Experts say stores and cable companies need to better inform buyers. "(Retailers) just want to make a quick sale," Parks Associates analyst Deepa Iyer says. 


Circuit City CEO Alan McCollough disagrees. "It's important for us that you have a great experience when you get home," he says. He concedes some sales representatives make mistakes. 


McCollough and Vitelli say proposed legislation to end analog broadcasts on Feb. 17, 2009, will help them more emphatically steer customers to digital TVs. 


Time Warner Cable is among services planning TV and print ads next year to tell subscribers how to get HD, spokesman Keith Cocozza says. 


It's also among those working to fix poor analog display on HDTVs. Much of cable and local broadcasting still is transmitted in analog only. Stretching that picture onto a digital screen often blurs it, TeleChoice analyst Pat Hurley says. 


"The HD picture is wonderful, but the analog channels look much worse than on your regular TV," says HDTV owner Jerry Schoenburg, 60, of Moorpark, Calif. 


To fix that, many Comcast and Time Warner systems now transmit digital versions of analog channels, and all will by the end of 2006, the companies say.


----------



## DavidS (Sep 27, 2000)

I _know_ I never see "true" HD since I have an ED plasma TV. I'm still constantly astounded by the picture quality, however.


----------



## AbMagFab (Feb 5, 2001)

1080p TV's have been out since the summer. That plus OTA HD equals true HD experience.

But welcome to a year ago.


----------



## ebonovic (Jul 24, 2001)

I'll tell ya want.... 720p and 1080i look AWFULLY DARN GOOD.... way above and beyond and worth the $$$ I plopped down on it...

Then mix in the 5.1 sound on just a regular TV show.... 

NICE...... When my next windfall of cash comes around... It will be a hard choice between 1080p and and 1080i... (based on volume of 1080p programming)


----------



## DeDondeEs (Feb 20, 2004)

I think that we will reach a point, if we haven't already where the picture quality will be bottlenecked by the content providers compression due to bandwith. With more and more HD content coming out, bandwith will be pushed to the limit leading to more compression. 
The only exceptions to this that I see is OTA broadcasts and maybe HD-DVD and/or Blueray but those have some sort of compression as well.


----------



## A J Ricaud (Jun 25, 2002)

There are very few true 1080p TVs. The big name manufacturers advertise "1080p" TVs, but almost none of them even accept a 1080p signal. Instead, they use de-interlacing circuitry.


----------



## bsnelson (Oct 30, 1999)

Shoot, I'd be happy just to see 1080i and 720p with better end-to-end presentation.
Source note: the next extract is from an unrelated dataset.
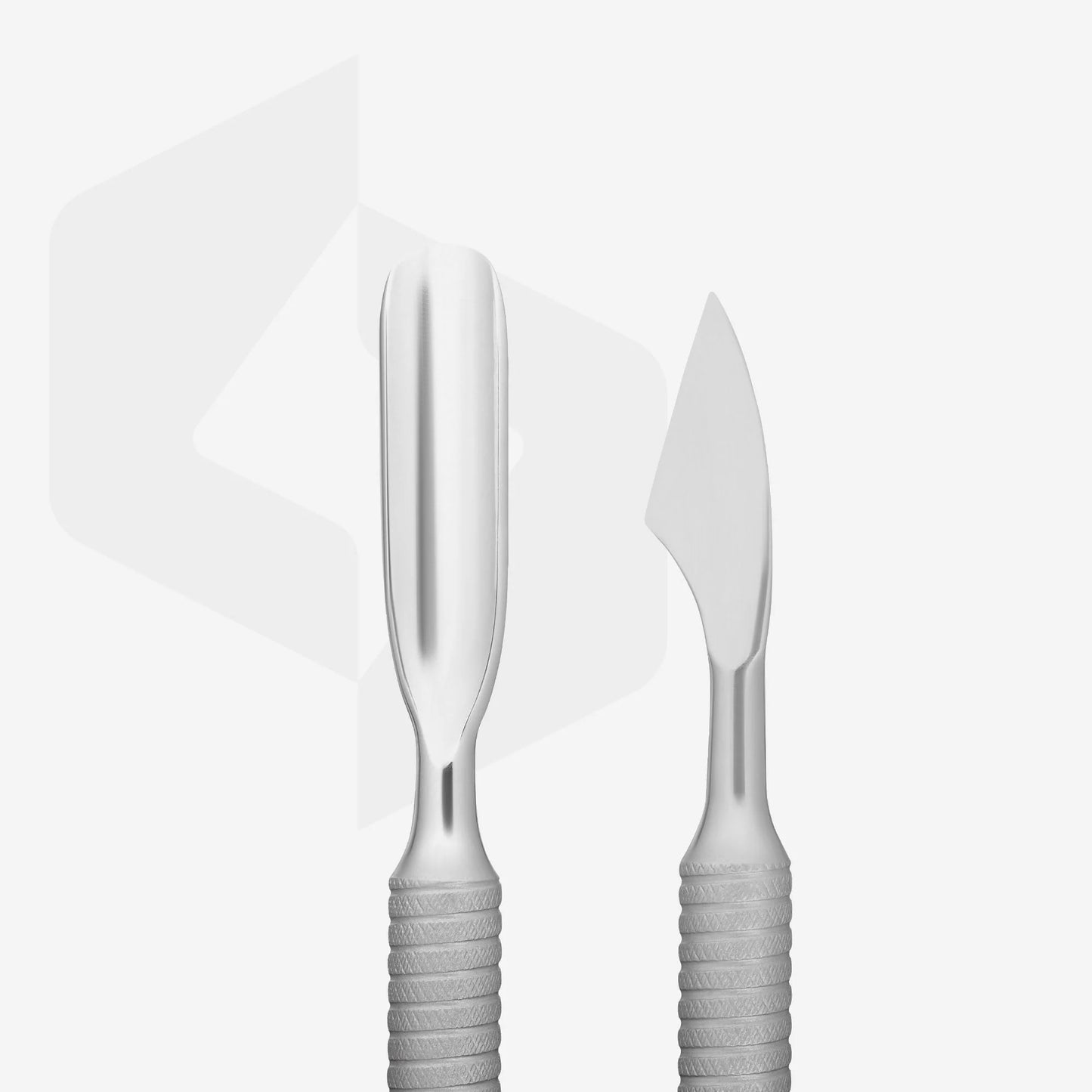 Manicure pusher SMART 50 TYPE 2 (rounded narrow pusher and cleaner)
DirecTV seems to be a lost cause with this (at least with MPEG2; of course, the MPEG4 stuff won't "technically" be ATSC), as they're downrezzing almost everything now. 
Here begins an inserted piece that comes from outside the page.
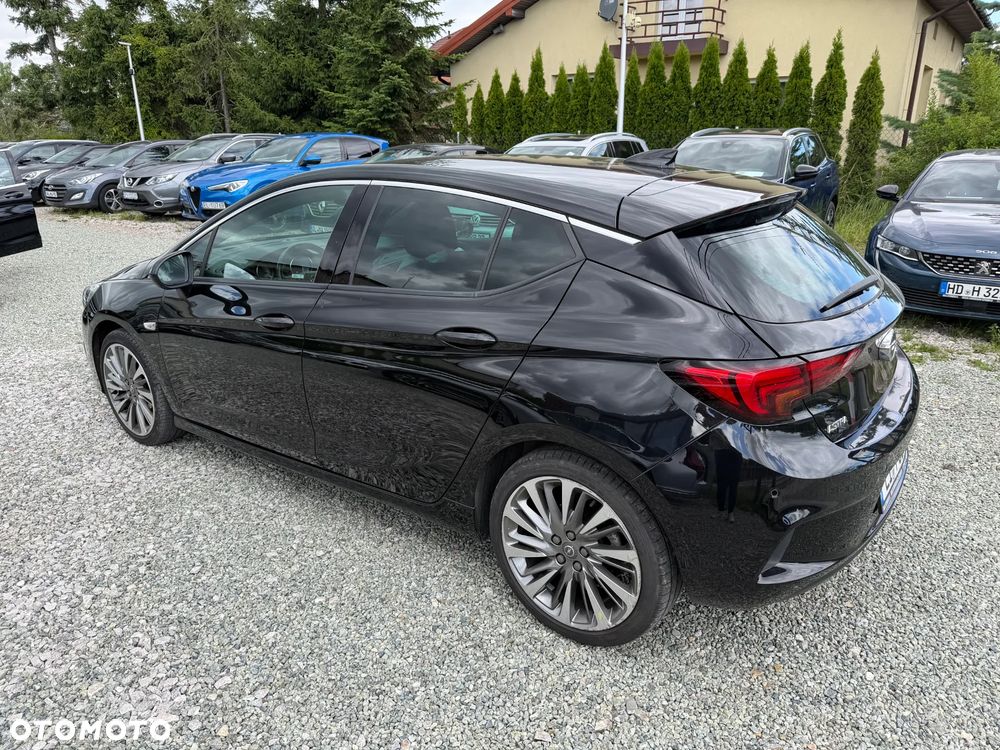 Opel Astra 1.4 Turbo Start/Stop Dynamic - 17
Then there's the issue of so few sets that can fully display 1080i or 720p, although some do a very good job with what they have to work with. 
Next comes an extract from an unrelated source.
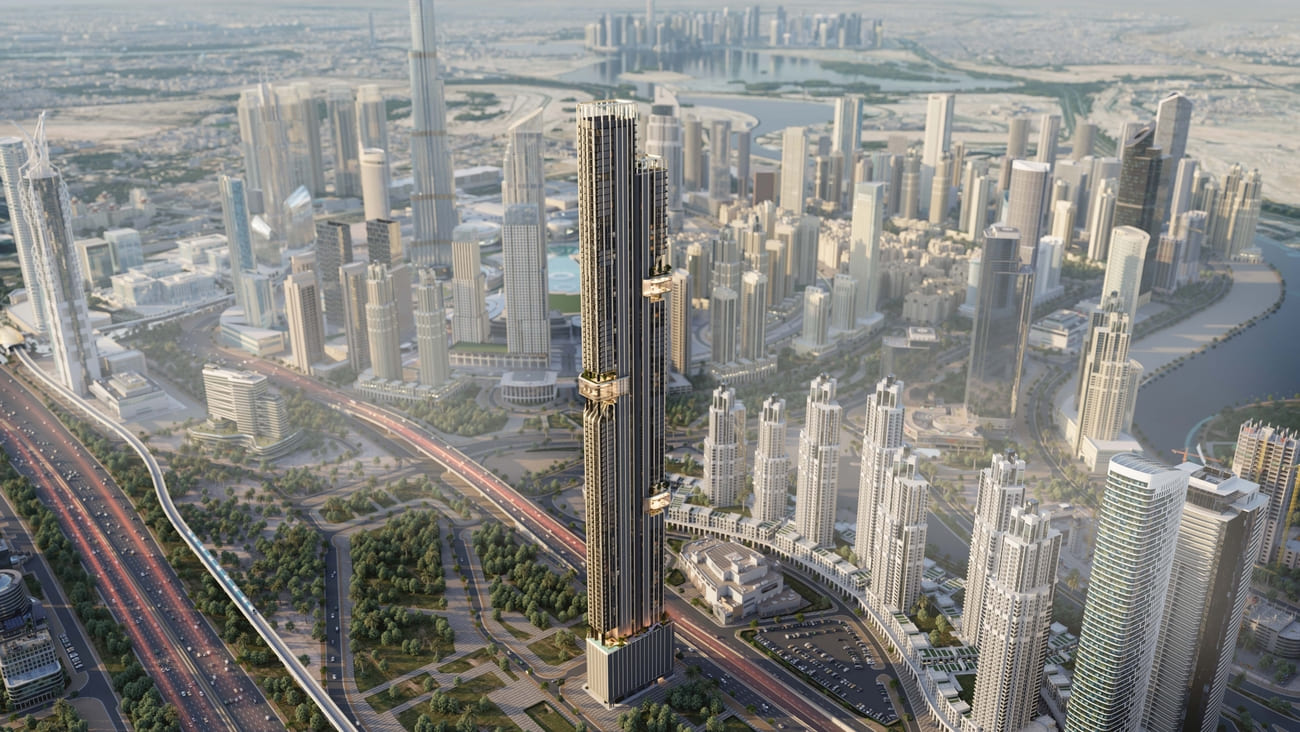DWTN Residences gallery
It's probably a fair statement to say that there's very little TRUE HD going on in the average consumer's household. 

Brad


----------



## kbohip (Dec 30, 2003)

I'll tell you guys how bad it really is with some consumers. I was talking to my sister a few weeks ago who lives a few states away. I mentioned to her how much I was enjoying watching shows in HD with my HD-Tivo. She then responded that she couldn't tell the difference between HD and regular tv. After asking her if she's looked into learning braille yet, I asked her what her components were. She said they had bought an HDtv set, a Sony. She gave me the model and sure enough it was a nice one, 1080i, but with no built in HD tuner. I'm sure you can see where this is going. I then asked her what model DVR she had from Dish. She replied 522.  This is a SD DVR! She had thought she was watching shows in HD only because the networks place the "in HD where available" logo on CSI .

True story. I now wonder how many other people like her are making the same mistake and wonder why they can't tell "HD" from SD.


----------



## Jotas (Mar 19, 2005)

Here's a CNET Q&A article that comments on that issue. I found it easy to understand and thus will probably be investing in one of these when money will permit it.


----------



## ebonovic (Jul 24, 2001)

It is part of the evolution of "big box store" and internet shopping.

There are very few "experts" out there at the stores to help you understand what you are buying and what you need to truely get it to work. 

I guess there is an advantage to commision sales (to some degree, as they would have made sure they got you the tuner and the "HDTV" antenna too)

Just like the "FCC Deadline" is for all things to be in HD...... (note this is to make a point, I know it is make everything digital broadcasts... not what format)


----------



## TyroneShoes (Sep 6, 2004)

patonenow said:


> ...HDTV sets with crisper pictures and clearer sound are estimated to be in 16 million, or 15%, of U.S. homes...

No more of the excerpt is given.